What the data below show is the biggest factors for poverty is single parents and lack of education. Over two-thirds did not work at all.
Poor families by family type:
Breakdown of poor married-couple families by work experience
Both worked full-time (2%)
One full-time, other part-time (12%)
One full-time, other didn't work (15%)
Both worked part-time (19%)
One part-time, other didn't work (17%)
Both didn't work (36%)
Married-couple family (40.2%)
Male, no wife present (11.4%)
Female, no husband present (48.4%)
Children below poverty level:
Bristol, Tennessee: 24.7%
Poverty rate among high school graduates not in families:
Poverty rate among people who did not graduate high school not in families:
Breakdown of poor residents in Bristol not in families by work experience
Worked full-time, year-round (1%)
Worked part-time (30%)
Did not work (69%)
Tri-Cities Labor Market Report: Government Jobs Surge, Private sector continues decline.
According to East Tennessee State University economist Steb Hipple the local job improved "dramatically" dropping from 9.7% in 2009 to 8.6%. We gained 5,900 new jobs according to Dr. Hipple. The problem is as follows:
Among the twelve local NAICS industry sectors, employment levels were higher in five sectors, lower in four, and unchanged in three (compared to three, eight, and one in the second quarter). Job growth was led by the government and the education and health sectors. Smaller gains were reported by retail trade, leisure and hospitality, and wholesale trade. Employment losses occurred in manufacturing, transport, utilities, finance, and construction. Employment was unchanged in information services, professional, business services, and other services.
As has been the pattern for years (medical for all intensive purposes here is government) is continuing losses of private sector jobs and huge growth in government jobs. There was some private sector gain, but only in the lowest paying sectors while higher paying jobs are still disappearing in droves. See http://faculty.etsu.edu/hipples/
Tri-Cities Labor Market Report East Tennessee State University - Third Quarter 2014
Employment levels still falling since 2009.
Existing labor market trends dominated the Tri-Cities Consolidated Statistical Area (CSA) in the third quarter. Compared to the same period in 2013, regional employment was lower by 1.7% to 218,244, while unemployment fell 10.3% to 16,664 as discouraged job seekers continued to leave the regional labor force. The summer unemployment rate for the metro area was 7.1% (compared to 7.7% a year earlier). With the labor force shrinking by 2.4%, the falling jobless rate is a sign of labor market weakness.
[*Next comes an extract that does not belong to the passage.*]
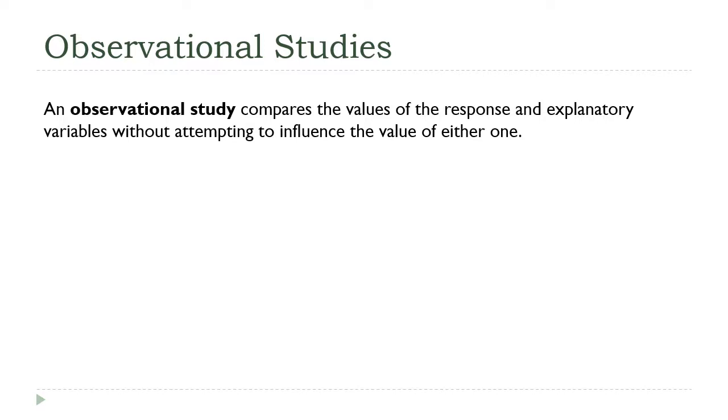Remember, an observational study is one that compares the values of the response and explanatory variables without trying to influence either one. It really is a researcher just stepping back, watching what's going on, and making observations.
Among the twelve regional NAICS industry sectors, employment levels were higher in six, lower in six, and unchanged in none (compared to six, four, and two in the second quarter). Job growth was led by construction, professional & business services, other services, and education & health services. Smaller employment gains were reported by transport & utilities, and leisure & hospitality. Major job losses occurred in retail trade, government, and manufacturing. Small employment declines were reported by wholesale trade, information services, and financial services. Overall, the private sector in the metro area saw modest job growth.
During the July to September period, employment was lower in all three cities - falling 2.2% in Kingsport, 2.0% in Johnson City, and 1.2% in Bristol. Matching the regional pattern, large numbers of unemployed workers are exiting the labor market in each city. This has lowered the jobless counts, contracted the labor force, and reduced the unemployment rates. The percent of workers unemployed was 7.0% in Kingsport, 7.1% in Johnson City, and 7.1% in Bristol. As in the metro area, the lower rates in each city reflect labor market weakness.